Secondo la tradizione, l’origine del Torchiato risalirebbe al Seicento, quando un agricoltore della frazione di Ciser, in seguito a un cattivo andamento di un’annata agraria, pensò di porre i grappoli d’uva in un ambiente che gli permettesse di raggiungere un adeguato grado di maturità. Dopo la torchiatura e la successiva fermentazione, ottenne un vino dolce con un’elevata gradazione alcolica. Da allora la produzione del Torchiato si sarebbeestesa a tutta la zona del Fregonese fino ad arrivare all’oggi, con la fondazione di un consorzio di tutela che ha permesso di valorizzarlo oltre che qualitativamente anche commercialmente.
Il termine Torchiato deriva da quell’antico attrezzo di cantina che è il torchio, utilizzato per la torchiatura delle uve appassite che non consentirebbero una soddisfacente estrazione del mosto per mezzo delle normali pigiatrici.
E’ prodotto da uve di Glera per il 30% (che apporta al vino il profumo), di Verdiso per il 20%, di Boschera per il 25% (apportatore del particolare aroma che caratterizza il vino), e il rimanente 15% con uve provenienti da vitigni a bacca bianca, non aromatici, raccomandati e autorizzati dalla provincia di Treviso. L’equilibrio e la bontà del vino, dipendono dalla capacità di ogni singolo agricoltore nel dosare giustamente le varie uve, si tratta infatti di un segreto che dà alla tradizione un certo fascino.

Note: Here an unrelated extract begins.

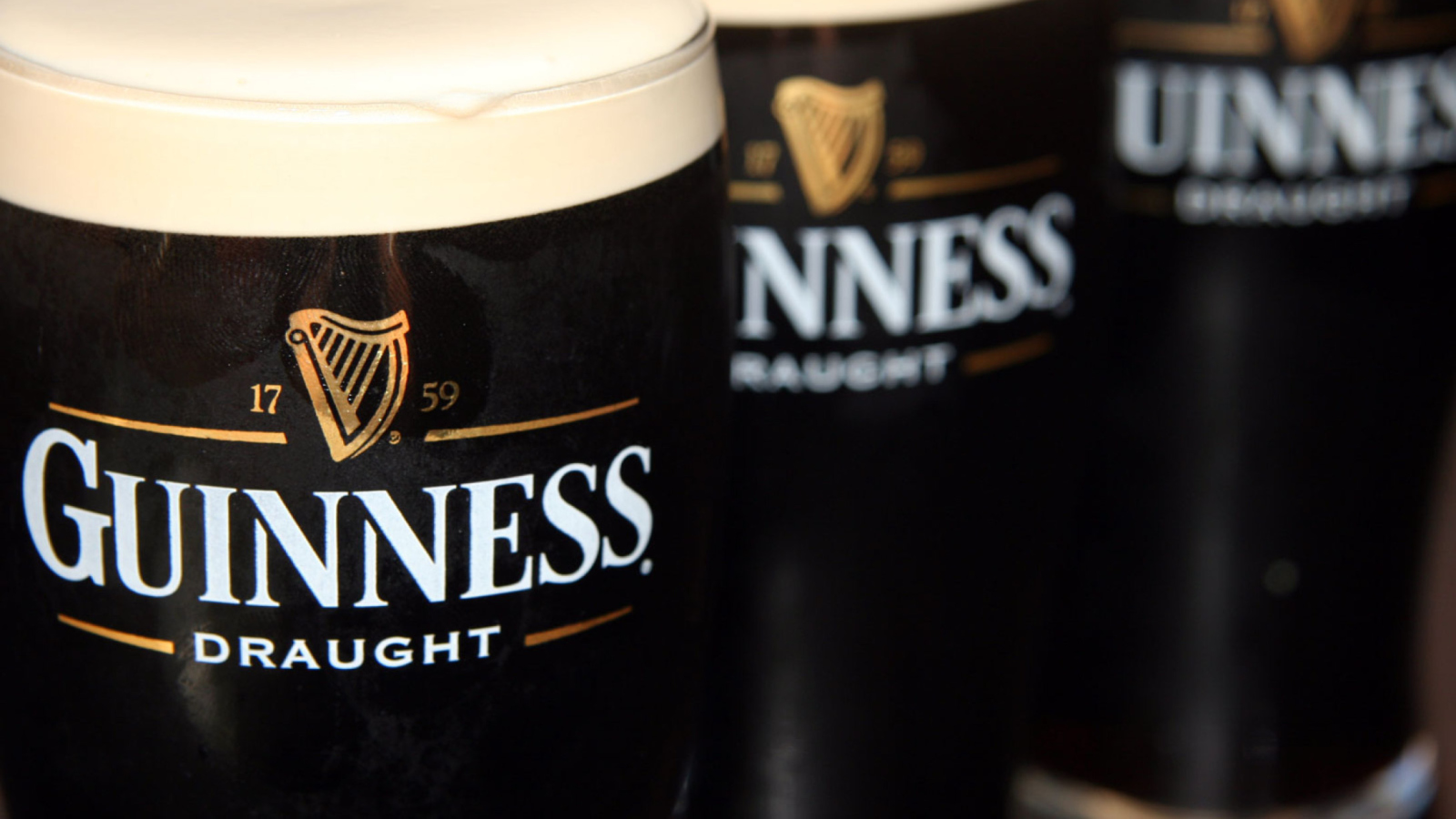 Sfondi Beers Guinness 1600x900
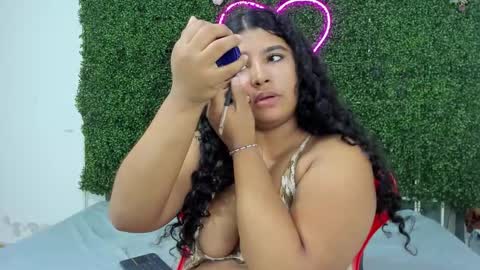 Snapshot of valentina_0_ chatting on December 2025 09:42:02 PM Valentina online show from December 2025 09:42:02 PM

Da 100 chili di uva si ottengono circa 20 litri di vino passito che si presenta di colore dorato carico, con sentori di miele d’acacia o di tiglio, di frutta secca e note di vaniglia; al gusto si ritrova un perfetto equilibrio tra la componente alcolica (15%-16%), quella acida e quella zuccherina ottenendo quell’effetto “dolce con retrogusto amarognolo” che è il suo principale elemento distintivo. Va servito ad una temperatura di 10-12°. E’ un vino raro, da meditazione, da servire con pasticceria secca a base di mandorle, ma può accompagnare anche ad alimenti più complessi come formaggi erborinati.